Sobre o tema temos os seguintes precedentes do STJ:
RMS 029079 Ministro FELIX FISCHER – 05/02/2010 Decido. O recurso merece prosperar. É que este e. Tribunal possui entendimento firmado no sentido de que o prazo decadencial de 5 (cinco) anos para a Administração rever seus atos, nos termos da Lei 9.784/99, deve ser aplicado.
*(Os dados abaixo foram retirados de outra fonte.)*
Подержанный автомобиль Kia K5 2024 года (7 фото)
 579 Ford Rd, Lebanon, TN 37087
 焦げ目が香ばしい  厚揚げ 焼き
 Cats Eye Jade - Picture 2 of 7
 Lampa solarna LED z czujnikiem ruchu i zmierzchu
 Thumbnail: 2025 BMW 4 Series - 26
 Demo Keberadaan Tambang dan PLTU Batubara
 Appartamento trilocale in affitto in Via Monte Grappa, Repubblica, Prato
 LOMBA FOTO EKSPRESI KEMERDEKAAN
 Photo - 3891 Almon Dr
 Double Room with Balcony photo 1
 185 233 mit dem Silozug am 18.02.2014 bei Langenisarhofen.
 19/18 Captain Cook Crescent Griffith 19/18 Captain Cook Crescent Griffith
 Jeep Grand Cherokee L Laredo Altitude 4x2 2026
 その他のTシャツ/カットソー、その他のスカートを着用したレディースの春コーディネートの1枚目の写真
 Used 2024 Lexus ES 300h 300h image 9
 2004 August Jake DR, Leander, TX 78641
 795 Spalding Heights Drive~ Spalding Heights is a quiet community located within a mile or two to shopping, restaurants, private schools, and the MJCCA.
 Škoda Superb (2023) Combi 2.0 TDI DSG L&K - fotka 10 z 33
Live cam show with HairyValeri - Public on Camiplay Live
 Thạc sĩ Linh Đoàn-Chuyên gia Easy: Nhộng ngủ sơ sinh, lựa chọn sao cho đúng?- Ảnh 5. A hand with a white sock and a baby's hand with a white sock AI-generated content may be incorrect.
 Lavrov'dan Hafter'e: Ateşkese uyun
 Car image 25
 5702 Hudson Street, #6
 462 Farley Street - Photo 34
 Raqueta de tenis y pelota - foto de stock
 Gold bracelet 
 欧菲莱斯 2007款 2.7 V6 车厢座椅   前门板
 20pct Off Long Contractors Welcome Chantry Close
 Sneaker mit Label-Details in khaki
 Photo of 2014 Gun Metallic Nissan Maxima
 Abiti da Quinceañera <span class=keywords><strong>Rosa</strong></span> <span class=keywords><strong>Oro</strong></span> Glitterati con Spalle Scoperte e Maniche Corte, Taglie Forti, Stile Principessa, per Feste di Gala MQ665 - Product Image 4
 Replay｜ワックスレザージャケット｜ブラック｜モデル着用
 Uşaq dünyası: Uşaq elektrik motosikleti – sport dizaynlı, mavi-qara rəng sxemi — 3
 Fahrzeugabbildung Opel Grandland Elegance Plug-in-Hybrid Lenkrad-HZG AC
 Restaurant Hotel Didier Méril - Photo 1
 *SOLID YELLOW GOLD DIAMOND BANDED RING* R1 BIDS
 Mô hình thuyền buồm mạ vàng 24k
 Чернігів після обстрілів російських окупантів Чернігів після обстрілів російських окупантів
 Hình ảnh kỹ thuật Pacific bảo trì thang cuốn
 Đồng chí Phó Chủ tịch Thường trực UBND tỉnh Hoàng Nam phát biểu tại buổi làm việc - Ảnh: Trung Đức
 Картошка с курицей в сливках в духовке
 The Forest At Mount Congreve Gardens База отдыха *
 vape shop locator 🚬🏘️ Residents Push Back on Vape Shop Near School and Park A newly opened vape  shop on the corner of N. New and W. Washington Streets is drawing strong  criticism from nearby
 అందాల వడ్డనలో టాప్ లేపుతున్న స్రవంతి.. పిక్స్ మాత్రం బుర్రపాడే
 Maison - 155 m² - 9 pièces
ADMINISTRATIVO – ATO ADMINISTRATIVO: REVOGAÇÃO – DECADÊNCIA – LEI 9.784/99 – VANTAGEM FUNCIONAL – DIREITO ADQUIRIDO. 1. Até o advento da Lei 9.784/99, a Administração podia revogar, a qualquer tempo, os seus próprios atos, quando eivados de vícios, na dicção das Súmulas 346 e 473/STF. 2. A Lei 9.784/99, ao disciplinar o processo administrativo, estabeleceu o prazo de cinco anos para que pudesse a Administração revogar os seus atos (art. 54).(…) (MS 9.157/DF, Rel. Min. Eliana Calmon, Corte Especial, DJ 07.11.2005).Idem (MS 9.112/DF, Rel. Min. Eliana Calmon, Corte Especial, DJ de 14.11.2005).
Assim, conclui-se que a autotutela prevista no artigo 64 parágrafo único da Lei 9.784/99, se limita no tempo, cabendo a administração pública atuar com base na estrita legalidade, não podendo inovar. Nestes moldes o artigo 54 da também Lei 9.784/99, cria restrição temporal ao direito de autotutela da administração federal de rever seus atos, in casu de majorar para pior, decisão outrora mais favorável ao administrado. Apesar da vexata questione quanto a possibilidade ou não da reformatio in pejus no processo administrativo, é pacífico e pleno o entendimento legal de que a mesma somente pode ser aplicável dentro do lapso decadencial de 5 anos.